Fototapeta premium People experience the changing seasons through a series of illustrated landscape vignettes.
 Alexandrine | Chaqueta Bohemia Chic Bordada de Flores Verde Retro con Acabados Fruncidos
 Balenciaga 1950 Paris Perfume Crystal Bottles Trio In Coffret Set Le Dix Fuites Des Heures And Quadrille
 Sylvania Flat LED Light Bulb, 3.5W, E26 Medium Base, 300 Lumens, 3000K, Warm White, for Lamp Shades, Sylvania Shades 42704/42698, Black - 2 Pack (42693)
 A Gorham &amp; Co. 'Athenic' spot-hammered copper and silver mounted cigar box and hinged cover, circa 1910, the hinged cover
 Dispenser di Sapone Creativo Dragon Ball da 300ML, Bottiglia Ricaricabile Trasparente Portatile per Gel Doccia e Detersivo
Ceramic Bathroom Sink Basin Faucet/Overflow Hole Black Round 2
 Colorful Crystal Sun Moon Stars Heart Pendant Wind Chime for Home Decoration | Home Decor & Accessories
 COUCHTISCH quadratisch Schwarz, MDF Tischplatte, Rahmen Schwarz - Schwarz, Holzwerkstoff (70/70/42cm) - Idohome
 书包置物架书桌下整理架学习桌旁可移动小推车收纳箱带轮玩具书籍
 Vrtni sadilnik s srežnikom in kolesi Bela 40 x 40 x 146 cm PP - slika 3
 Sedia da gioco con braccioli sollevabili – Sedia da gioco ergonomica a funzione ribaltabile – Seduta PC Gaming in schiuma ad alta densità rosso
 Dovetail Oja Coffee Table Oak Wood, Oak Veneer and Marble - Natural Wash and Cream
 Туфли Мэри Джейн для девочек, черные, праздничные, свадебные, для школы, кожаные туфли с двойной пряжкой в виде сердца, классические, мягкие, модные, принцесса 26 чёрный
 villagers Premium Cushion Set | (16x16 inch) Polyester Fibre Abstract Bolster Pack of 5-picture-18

=== Activity ===
Using the entries above, copy out all lines that contain the string "Crystal".

=== Response area ===
 Balenciaga 1950 Paris Perfume Crystal Bottles Trio In Coffret Set Le Dix Fuites Des Heures And Quadrille
 Colorful Crystal Sun Moon Stars Heart Pendant Wind Chime for Home Decoration | Home Decor & Accessories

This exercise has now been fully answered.